REQUIREMENT
Write out exactly the lines below that run from the one containing "U.S. #5831 Saul Bellow, 3-ounce rate stamp" through the one containing "Volare Excellent Children's", both included, with no other lines.

MATERIAL FOR THIS TASK
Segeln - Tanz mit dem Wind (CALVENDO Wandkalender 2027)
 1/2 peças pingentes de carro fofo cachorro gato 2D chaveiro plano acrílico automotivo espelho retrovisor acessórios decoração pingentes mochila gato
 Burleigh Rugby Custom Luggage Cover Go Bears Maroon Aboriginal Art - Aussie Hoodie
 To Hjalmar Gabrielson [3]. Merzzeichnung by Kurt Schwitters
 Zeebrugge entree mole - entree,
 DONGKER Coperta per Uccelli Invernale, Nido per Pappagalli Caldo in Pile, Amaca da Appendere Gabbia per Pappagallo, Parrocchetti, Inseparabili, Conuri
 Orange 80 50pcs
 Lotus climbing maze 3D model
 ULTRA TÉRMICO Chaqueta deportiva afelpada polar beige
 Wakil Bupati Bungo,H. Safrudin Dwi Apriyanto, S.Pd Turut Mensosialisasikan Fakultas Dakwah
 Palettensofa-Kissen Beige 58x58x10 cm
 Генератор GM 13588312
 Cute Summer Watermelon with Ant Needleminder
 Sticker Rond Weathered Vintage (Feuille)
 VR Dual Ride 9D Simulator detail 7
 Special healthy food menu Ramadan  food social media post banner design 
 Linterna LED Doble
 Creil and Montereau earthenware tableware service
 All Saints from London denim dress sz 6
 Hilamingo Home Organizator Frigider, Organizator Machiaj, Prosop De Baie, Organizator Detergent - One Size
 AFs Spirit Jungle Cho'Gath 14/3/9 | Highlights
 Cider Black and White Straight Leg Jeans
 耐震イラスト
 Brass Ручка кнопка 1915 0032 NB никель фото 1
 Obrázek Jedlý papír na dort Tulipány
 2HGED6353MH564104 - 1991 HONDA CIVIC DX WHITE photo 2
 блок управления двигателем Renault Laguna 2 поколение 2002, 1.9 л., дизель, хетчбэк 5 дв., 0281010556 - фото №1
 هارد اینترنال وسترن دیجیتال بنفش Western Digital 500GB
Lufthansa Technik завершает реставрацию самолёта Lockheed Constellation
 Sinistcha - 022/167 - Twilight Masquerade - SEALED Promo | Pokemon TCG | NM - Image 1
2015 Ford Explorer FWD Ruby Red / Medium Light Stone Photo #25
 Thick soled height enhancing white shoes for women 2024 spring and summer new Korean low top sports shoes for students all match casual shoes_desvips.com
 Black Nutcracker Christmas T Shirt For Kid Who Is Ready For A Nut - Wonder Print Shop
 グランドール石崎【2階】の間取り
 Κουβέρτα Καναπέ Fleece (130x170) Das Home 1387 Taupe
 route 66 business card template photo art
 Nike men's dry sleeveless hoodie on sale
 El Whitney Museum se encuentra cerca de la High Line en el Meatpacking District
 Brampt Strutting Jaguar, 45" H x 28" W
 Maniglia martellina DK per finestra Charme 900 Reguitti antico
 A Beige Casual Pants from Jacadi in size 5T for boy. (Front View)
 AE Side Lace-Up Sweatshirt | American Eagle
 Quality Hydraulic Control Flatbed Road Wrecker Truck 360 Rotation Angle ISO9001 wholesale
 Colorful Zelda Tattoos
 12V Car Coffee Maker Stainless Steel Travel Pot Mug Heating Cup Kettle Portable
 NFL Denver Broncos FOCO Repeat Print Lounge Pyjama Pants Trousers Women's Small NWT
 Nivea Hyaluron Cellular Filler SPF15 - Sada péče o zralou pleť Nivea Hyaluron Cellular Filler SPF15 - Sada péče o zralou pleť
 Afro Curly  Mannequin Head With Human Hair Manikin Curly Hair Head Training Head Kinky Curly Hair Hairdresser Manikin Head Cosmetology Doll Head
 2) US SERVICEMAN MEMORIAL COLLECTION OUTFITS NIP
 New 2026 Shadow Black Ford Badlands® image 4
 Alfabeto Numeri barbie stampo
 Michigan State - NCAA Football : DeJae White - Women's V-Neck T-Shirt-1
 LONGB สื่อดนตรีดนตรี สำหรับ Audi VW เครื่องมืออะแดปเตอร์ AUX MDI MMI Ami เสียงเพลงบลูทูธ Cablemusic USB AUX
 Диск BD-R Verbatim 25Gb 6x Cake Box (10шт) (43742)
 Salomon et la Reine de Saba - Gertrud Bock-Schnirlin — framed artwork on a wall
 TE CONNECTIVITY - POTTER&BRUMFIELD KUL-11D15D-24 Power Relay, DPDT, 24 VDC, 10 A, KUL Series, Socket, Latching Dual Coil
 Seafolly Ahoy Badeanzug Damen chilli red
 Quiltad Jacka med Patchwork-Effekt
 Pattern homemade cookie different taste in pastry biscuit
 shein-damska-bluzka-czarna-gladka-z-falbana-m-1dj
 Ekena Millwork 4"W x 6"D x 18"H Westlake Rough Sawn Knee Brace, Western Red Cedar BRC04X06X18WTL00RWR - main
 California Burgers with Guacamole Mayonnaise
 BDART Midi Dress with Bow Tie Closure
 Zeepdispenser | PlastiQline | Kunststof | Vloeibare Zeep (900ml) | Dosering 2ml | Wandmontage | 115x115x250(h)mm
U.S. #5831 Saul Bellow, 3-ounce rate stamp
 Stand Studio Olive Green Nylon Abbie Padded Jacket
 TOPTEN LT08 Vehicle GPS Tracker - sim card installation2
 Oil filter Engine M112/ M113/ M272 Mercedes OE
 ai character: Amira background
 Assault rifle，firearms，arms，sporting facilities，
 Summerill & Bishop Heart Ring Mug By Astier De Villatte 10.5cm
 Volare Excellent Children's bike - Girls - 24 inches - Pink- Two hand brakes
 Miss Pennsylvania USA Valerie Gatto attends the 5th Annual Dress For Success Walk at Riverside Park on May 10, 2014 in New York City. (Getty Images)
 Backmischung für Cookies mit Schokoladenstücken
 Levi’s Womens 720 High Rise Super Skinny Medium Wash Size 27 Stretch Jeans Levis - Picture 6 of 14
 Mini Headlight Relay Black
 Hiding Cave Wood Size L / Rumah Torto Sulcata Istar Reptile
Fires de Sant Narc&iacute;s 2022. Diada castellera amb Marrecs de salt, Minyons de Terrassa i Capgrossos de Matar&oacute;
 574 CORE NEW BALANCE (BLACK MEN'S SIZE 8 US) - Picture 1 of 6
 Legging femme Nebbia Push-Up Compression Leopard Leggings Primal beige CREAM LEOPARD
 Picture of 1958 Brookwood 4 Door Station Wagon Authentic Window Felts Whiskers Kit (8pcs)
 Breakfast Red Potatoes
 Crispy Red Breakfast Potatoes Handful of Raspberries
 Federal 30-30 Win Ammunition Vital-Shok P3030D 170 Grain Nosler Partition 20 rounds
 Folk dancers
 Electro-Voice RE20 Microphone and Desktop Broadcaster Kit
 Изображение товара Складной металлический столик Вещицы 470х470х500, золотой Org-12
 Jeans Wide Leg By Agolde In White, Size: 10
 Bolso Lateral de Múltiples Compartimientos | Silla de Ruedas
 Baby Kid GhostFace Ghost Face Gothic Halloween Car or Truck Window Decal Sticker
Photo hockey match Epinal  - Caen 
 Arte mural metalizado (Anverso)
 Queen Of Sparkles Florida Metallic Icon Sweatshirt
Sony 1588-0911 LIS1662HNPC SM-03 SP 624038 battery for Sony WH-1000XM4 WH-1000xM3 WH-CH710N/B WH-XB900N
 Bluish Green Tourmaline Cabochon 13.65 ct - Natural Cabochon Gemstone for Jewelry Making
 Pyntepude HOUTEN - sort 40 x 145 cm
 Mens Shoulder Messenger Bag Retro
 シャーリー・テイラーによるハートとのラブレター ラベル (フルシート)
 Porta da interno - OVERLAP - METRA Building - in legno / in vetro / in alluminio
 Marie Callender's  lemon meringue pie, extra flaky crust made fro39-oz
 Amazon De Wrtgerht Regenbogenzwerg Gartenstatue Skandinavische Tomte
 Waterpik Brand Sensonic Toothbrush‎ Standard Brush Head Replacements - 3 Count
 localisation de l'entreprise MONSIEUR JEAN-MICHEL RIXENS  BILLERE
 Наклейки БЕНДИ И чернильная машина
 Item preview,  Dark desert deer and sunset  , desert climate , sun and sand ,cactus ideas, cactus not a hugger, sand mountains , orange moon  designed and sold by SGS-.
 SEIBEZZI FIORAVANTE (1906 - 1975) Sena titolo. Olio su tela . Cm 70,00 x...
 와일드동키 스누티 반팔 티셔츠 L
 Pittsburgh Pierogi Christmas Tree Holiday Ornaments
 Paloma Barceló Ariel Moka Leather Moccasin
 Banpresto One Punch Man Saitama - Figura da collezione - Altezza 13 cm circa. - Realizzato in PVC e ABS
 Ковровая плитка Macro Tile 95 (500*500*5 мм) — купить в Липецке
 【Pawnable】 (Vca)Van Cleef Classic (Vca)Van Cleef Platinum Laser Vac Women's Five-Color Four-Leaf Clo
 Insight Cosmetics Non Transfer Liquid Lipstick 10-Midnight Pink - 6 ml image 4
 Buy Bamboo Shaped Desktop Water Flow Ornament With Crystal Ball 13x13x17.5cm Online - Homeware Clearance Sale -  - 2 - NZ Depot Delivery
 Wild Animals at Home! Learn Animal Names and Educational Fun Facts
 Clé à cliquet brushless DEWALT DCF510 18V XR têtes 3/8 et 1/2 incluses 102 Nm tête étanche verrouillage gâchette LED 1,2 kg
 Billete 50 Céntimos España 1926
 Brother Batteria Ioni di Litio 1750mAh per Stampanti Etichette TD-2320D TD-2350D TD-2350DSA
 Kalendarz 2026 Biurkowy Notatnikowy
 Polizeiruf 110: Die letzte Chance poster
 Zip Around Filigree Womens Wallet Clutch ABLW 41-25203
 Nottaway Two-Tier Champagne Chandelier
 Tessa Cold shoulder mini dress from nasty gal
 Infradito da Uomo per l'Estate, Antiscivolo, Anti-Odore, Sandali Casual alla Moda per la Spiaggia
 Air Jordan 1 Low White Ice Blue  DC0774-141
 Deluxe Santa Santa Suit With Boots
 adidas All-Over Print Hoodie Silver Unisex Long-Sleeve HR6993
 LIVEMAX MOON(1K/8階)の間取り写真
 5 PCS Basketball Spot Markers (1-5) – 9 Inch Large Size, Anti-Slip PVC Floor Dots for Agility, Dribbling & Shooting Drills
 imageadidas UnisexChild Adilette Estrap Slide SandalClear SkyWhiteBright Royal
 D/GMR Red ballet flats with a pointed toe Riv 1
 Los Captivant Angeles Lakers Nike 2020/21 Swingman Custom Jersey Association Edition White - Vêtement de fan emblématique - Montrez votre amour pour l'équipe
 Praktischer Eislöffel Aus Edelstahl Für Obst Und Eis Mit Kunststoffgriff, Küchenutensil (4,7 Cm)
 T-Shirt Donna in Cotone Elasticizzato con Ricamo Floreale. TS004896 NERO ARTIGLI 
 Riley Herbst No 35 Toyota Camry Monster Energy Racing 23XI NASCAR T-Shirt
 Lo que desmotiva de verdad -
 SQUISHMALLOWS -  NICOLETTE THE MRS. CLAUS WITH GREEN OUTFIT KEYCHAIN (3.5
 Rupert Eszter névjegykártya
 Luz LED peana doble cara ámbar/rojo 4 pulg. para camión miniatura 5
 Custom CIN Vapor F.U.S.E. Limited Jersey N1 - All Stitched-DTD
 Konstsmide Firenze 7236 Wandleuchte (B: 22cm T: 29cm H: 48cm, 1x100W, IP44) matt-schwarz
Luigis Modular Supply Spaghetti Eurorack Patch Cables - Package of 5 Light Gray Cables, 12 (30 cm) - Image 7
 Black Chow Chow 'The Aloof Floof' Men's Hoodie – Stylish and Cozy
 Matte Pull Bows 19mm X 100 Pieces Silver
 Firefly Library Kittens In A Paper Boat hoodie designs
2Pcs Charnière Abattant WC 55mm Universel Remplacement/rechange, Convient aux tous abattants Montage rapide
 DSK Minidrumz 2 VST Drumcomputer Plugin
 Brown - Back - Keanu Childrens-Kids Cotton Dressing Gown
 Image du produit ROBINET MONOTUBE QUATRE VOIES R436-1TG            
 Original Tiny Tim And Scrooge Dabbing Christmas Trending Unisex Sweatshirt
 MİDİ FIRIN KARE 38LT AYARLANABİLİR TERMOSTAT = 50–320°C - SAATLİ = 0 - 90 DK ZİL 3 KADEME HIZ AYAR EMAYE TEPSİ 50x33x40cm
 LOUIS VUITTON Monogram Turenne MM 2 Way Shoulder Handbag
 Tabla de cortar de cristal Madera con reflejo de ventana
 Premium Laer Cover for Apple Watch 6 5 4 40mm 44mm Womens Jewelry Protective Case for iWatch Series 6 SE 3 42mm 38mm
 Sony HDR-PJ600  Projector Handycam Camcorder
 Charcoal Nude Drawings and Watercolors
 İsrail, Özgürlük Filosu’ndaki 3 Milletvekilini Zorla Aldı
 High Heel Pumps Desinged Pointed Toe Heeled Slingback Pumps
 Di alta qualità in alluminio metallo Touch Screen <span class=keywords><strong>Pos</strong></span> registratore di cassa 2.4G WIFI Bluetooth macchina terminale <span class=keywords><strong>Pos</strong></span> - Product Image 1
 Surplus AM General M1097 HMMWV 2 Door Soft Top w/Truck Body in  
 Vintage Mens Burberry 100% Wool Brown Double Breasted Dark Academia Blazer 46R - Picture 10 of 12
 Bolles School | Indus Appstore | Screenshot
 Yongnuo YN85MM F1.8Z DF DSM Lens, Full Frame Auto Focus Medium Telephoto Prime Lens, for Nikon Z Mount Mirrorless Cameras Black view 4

RESPONSE AREA
U.S. #5831 Saul Bellow, 3-ounce rate stamp
 Stand Studio Olive Green Nylon Abbie Padded Jacket
 TOPTEN LT08 Vehicle GPS Tracker - sim card installation2
 Oil filter Engine M112/ M113/ M272 Mercedes OE
 ai character: Amira background
 Assault rifle，firearms，arms，sporting facilities，
 Summerill & Bishop Heart Ring Mug By Astier De Villatte 10.5cm
 Volare Excellent Children's bike - Girls - 24 inches - Pink- Two hand brakes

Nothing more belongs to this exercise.